Uma das principais barreiras para que os profissionais pretos se candidatem para posições de liderança é a ausência da representatividade de pessoas pretas ocupando essas posições.
Uma pesquisa feita pelo Santo Caos, em parceria com o LinkedIn, apontou que 55% dos profissionais pretos entrevistados deixaram de participar de processos seletivos por acharem que não seriam bem recebidos no ambiente. E 27% relataram que isso ocorreu mais de uma vez. E mais: 45% deles nunca ocuparam cargos de liderança. Estes indicadores são reflexos do racismo estrutural vivenciado pelos profissionais pretos em seu ambiente de trabalho.
Gigantes como Danone, Ambev, Unilever, Pfizer Brasil, Natura & Co, Mercado Livre, Sanofi, entre outras corporações, estão colocando em prática diversas ações para aumentar a representatividade preta em sua liderança.
Há alguns meses, outras corporações como Gerdau, iFood, Itaú Unibanco, LinkedIn, Magazine Luiza, Nubank e Vale criaram o movimento #CarreirasComFuturo, para disseminar iniciativas de diversidade e inclusão na força de trabalho brasileira, com foco no desenvolvimento de carreira e pertencimento de profissionais pretos em todos os níveis das organizações, incluindo a alta liderança.

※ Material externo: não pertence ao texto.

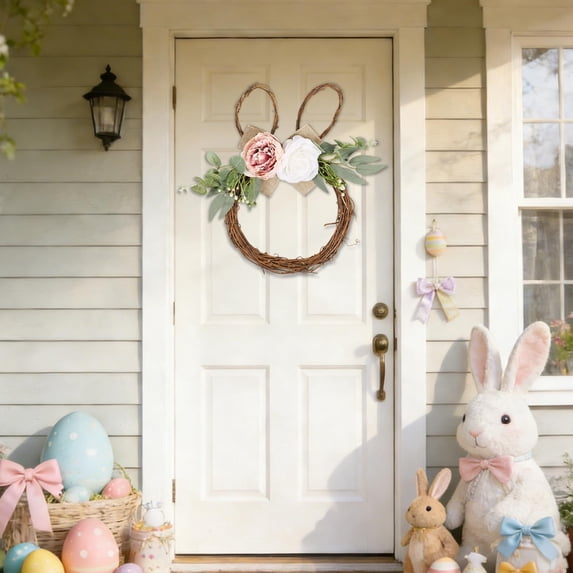 Gqtwoy Easter Bunny Floral Wreath, Artificial Wicker Door Decor, Spring Home Accent, Multicolor Easter Decorations, LED Lighted Centerpiece, Rattan Flower Arrangement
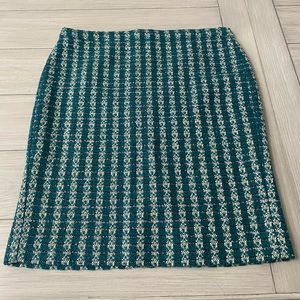 J. Crew No. 2 Pencil Skirt in Metallic Emerald Green (Part of a Set)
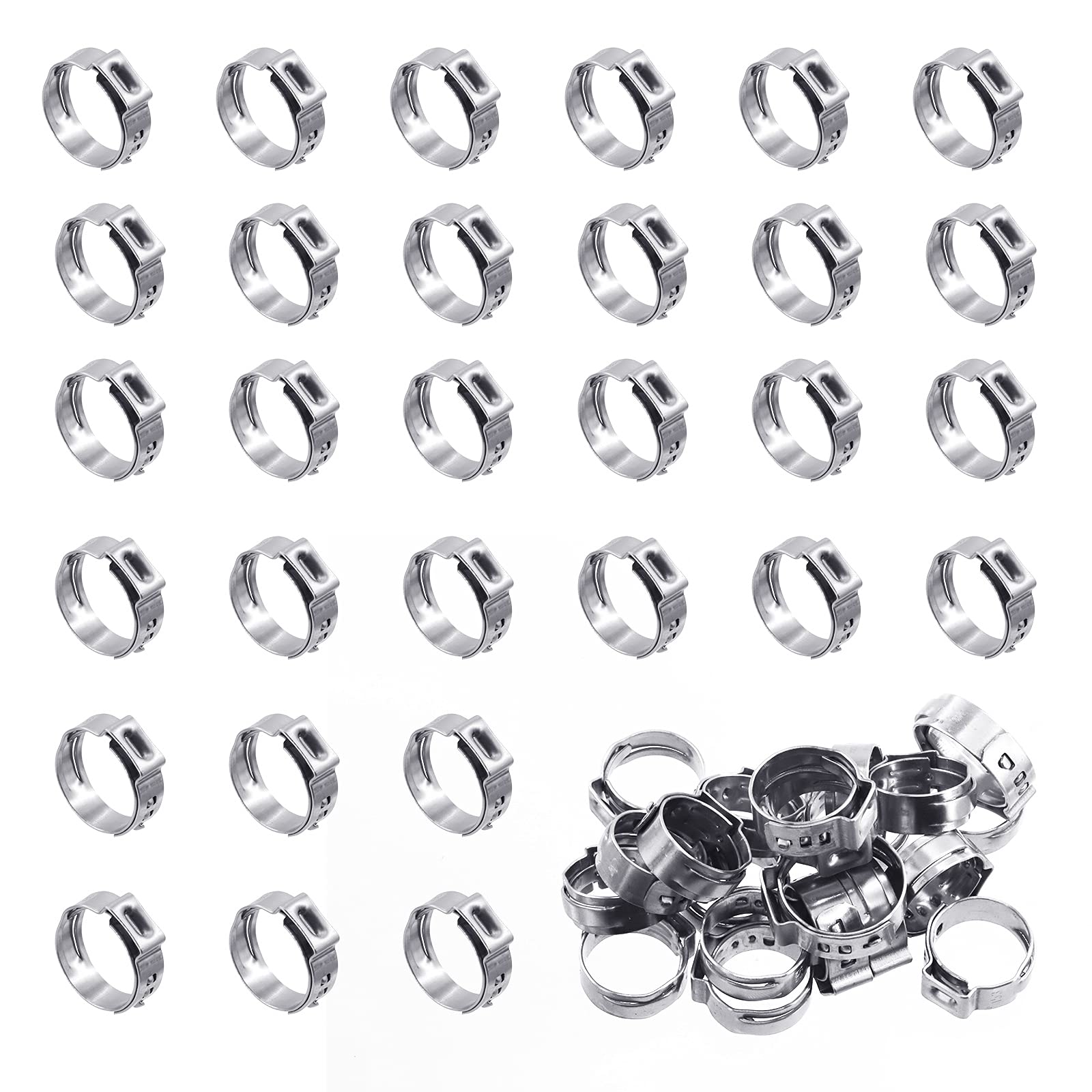 Wokape 50Pcs 12.8-15.3mm Single Ear Hose Clamps, 304 Stainless Steel PEX Pinch Clamps Cinch Rings Crimping Tool Stepless Hose Clamp for Securing Pipe Hoses and Automotive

Práticas como essas vêm de encontro à visão de 71% dos entrevistados da pesquisa do Santo Caos de que é necessário implementar mais ações para promover o desenvolvimento de carreira de profissionais autodeclarados pretos. Entre elas estão a revisão de critérios de contratação e promoção (32%), capacitação e treinamento de liderança (31%), recrutamento afirmativo (25%) e programas de mentoria (20%).
Para João Philipe, isso tudo é só o começo. “Estamos diante de uma longa estrada de transformações baseada na diversidade e inclusão. Acredito que essa representatividade de profissionais pretos na liderança deve aumentar nos próximos anos. Ainda tem muita coisa que iremos assistir”, conclui.